Sen. Sam Brownback, R-Kansas, and Sen. Chuck Schumer, D-New York, are gathering signatures on a letter to the president calling for the release of the section, which was almost entirely censored by the administration, citing national security reasons.
The letter, a copy of which was obtained by CNN, refers to the use of "Saudi Arabia's banks and charities" being used "to funnel money to al Qaeda," the nation's schools "spew(ing) hateful anti-American rhetoric to would-be suicide bombers across the Middle East" and 15 of the 19 September 11, 2001 hijackers being Saudis.
The two senators hope to gather the signatures of at least 51 senators, which, if it came to a vote, would be enough to force the release of the material even over White House objections.
About 42 senators have signed the letter -- all Democrats except for Brownback.
At least two other Republican senators -- Olympia Snowe of Maine and Richard Shelby of Alabama -- also have called for the declassification of the material.
But Wednesday afternoon, two Democratic senators -- Jay Rockefeller of West Virginia and Dianne Feinstein of California -- said they would not sign the letter because releasing the information could jeopardize an ongoing investigation into foreign involvement in the September 11, 2001 attacks. Both are members of the Senate Intelligence Committee.
In addition, Republican Sen. Richard Shelby of Alabama, a co-chairman of the September 11 committee who has been an advocate of disclosing what is in the 28 pages, also has declined to sign the letter. He gave no reason.
The letter refers to reports that the deleted section refers to "foreign sources (that) reside primarily in Saudi Arabia."
"As a result," it says, "the decision to classify this information makes it appear as if elements of the Bush administration desire to keep the role of Saudi Arabia in 9-11 private.

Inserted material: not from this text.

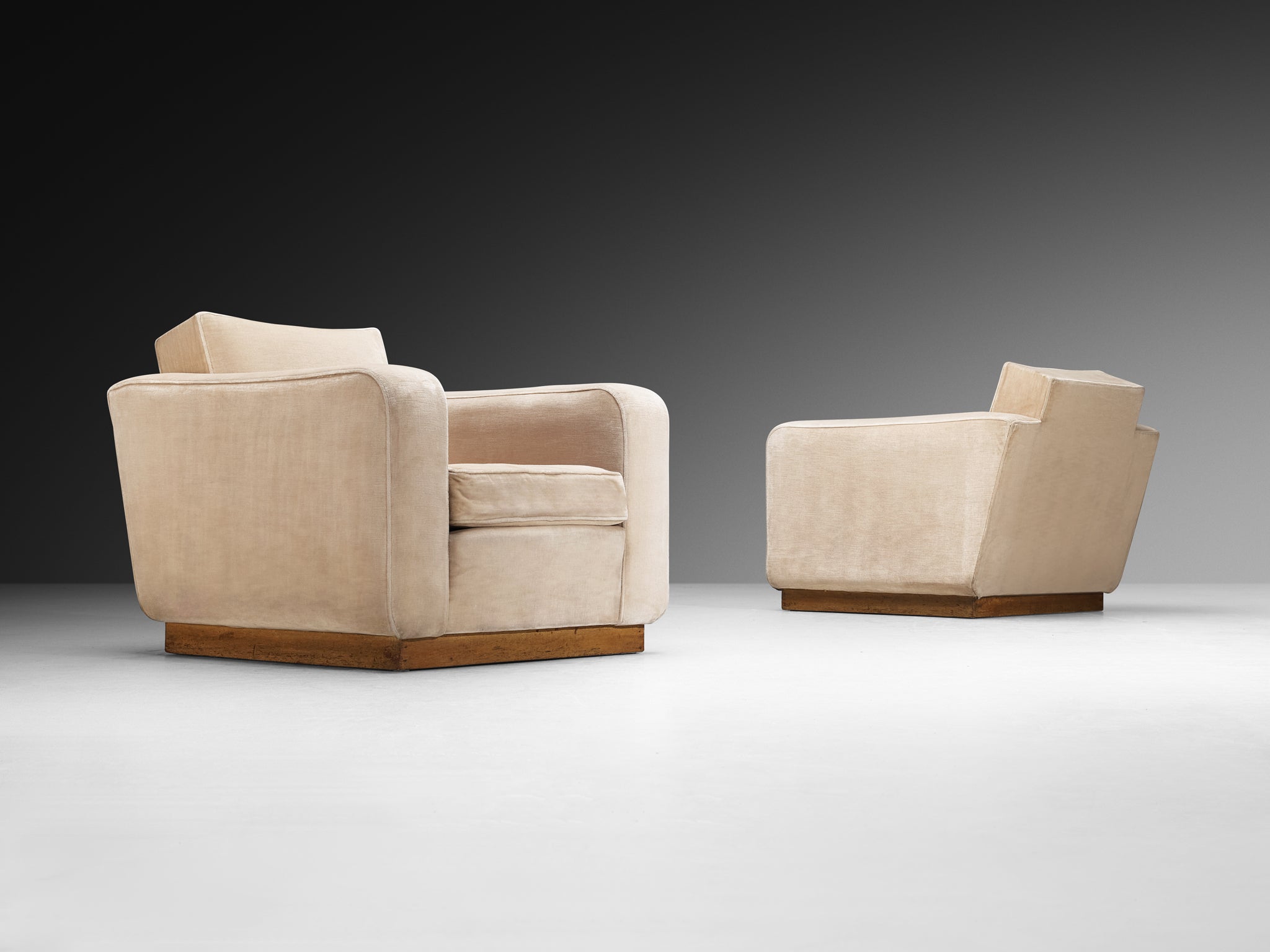 Pair of 1930s Art Deco Lounge Chairs in Beige-Sand Velvet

This impression damages the credibility of the government in the eyes of the American people and also sends the wrong message to the abettors of the hijackers by implying that there will be no penalty for their complicity."

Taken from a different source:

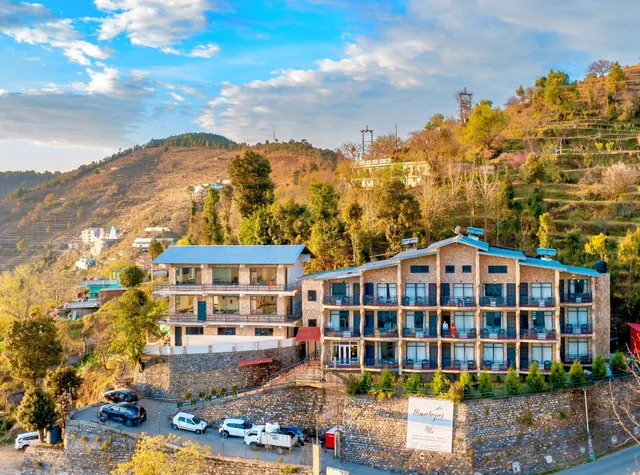Himalayas Resort by The Lake Hill - Mukteshwar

After citing alleged Saudi financial support for terrorism, the letter says, "Given these facts, protecting the Saudi regime by eliminating any public penalty for the support given to terrorists from within its borders would be a mistake. If we are to protect our national security, we must convince the Saudi regime to get tough on terror."

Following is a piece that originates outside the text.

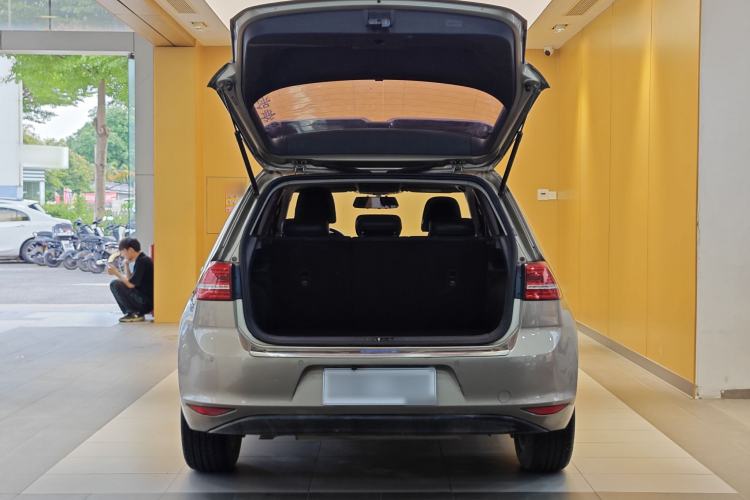 Used Volkswagen Golf 2016 1.6L Automatic Fashion Model Trunk
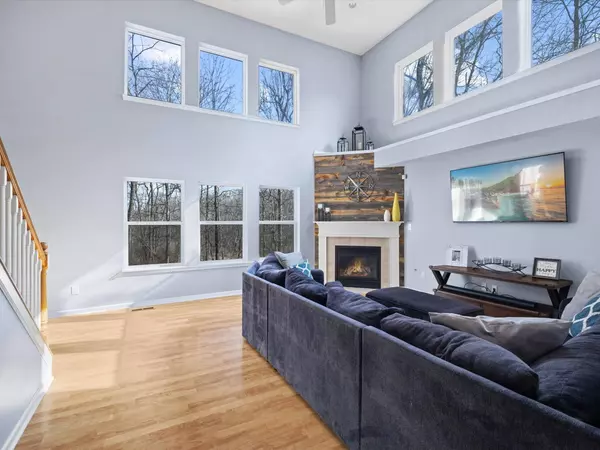 11779 Holbrook Close, Fishers, IN 46037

Saudi officials also have asked that the 28-page section be released. They deny that the nation supports terrorists and said they wanted the pages made public so they can defend their country against any allegations.(Full story)
But President Bush said the material should not be released because it would jeopardize the ability of the administration to gather intelligence on suspected terrorists.
"My point of view -- since I am in charge of fighting the war on terror --is that we won't reveal sources and methods that will compromise our efforts to succeed," he said during a Rose Garden news conference.
Meanwhile, Sen. Bob Graham, D-Florida, is pushing an unusual process by which the Senate could release classified material over the objections of the White House.
Graham --a Democratic presidential candidate who, as former Senate Intelligence Committee chairman, helped produce the report -- telephoned the current committee chairman, Sen. Pat Roberts, R-Kansas, and vice-chairman, Sen. Jay Rockefeller, D-West Virginia, to suggest the process.
In a Tuesday news release, Graham said the White House refusal "is a continuation of the pattern of the last seven months -- a pattern of delay and excessive use of national security standards to deny the people the knowledge of their vulnerability."
The process, which according to committee staff has never before been used, works like this: If a member of the intelligence committee asks the committee to hold a vote on publicizing classified material, the committee must do so within five days.
If a majority of the committee then votes to make the material public, the president has five days to say whether he will declassify the material. If the president refuses, the committee may refer the matter to the full Senate for a closed vote. And if a majority of the Senate votes to make the information public, the committee may go ahead and do so.
Graham is no longer a member of the committee, and at this point no sitting member has come forward to request a vote under the procedure. However, most members of the committee, including Roberts, have said they would like some if not all of the 28-page section to be made public.
A call for a vote to declassify may come from Senate Intelligence Committee member Dick Durbin, D-Illinois, a vocal critic of administration secrecy. Durbin may initiate the procedure if he believes a majority of the committee will vote for making the material public, according to his spokesman. At least one Republican would need to vote for the measure for it to pass.